*Your task:* Return each entry word for word. Leave the images out.

#### Task input ####

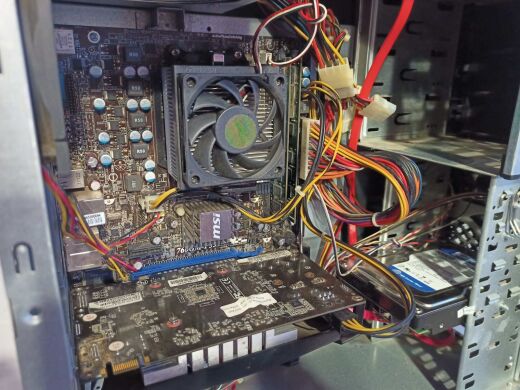 Компьютер Asus Vento / AMD Athlon II X3 455 (3 ядра по 3.3 GHz) / 4 GB DDR3 / 500 GB HDD / nVidia GeForce GTS 450, 1 GB GDDR5, 128-bit / 450W  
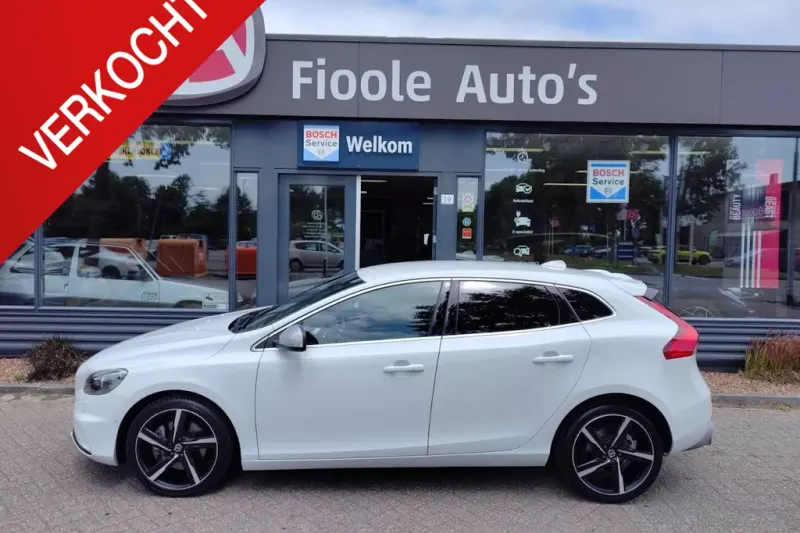 Volvo V40 (2016)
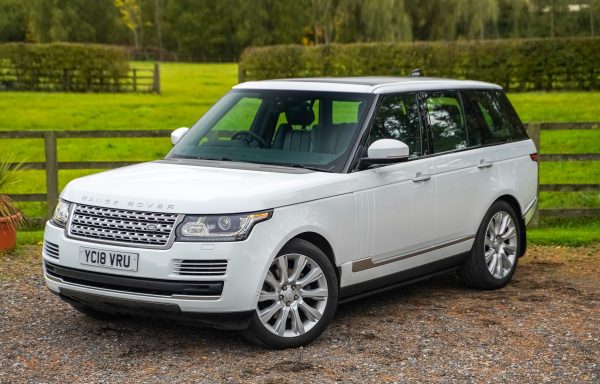 2018 Range Rover Vogue SE TDV6 **RESERVED**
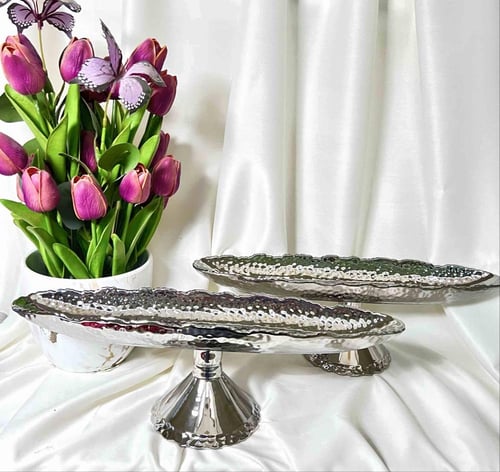 صحن تقديم بقاعده فضي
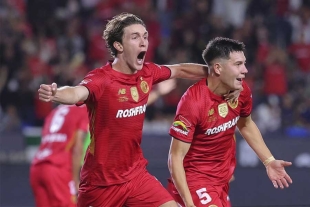 El historial reciente entre ambos equipos indica paridad: en los últimos cinco encuentros, cada equipo ganó una vez y empataron tres.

####

*Expected answer:*
 Компьютер Asus Vento / AMD Athlon II X3 455 (3 ядра по 3.3 GHz) / 4 GB DDR3 / 500 GB HDD / nVidia GeForce GTS 450, 1 GB GDDR5, 128-bit / 450W  
 Volvo V40 (2016)
 2018 Range Rover Vogue SE TDV6 **RESERVED**
 صحن تقديم بقاعده فضي
 El historial reciente entre ambos equipos indica paridad: en los últimos cinco encuentros, cada equipo ganó una vez y empataron tres.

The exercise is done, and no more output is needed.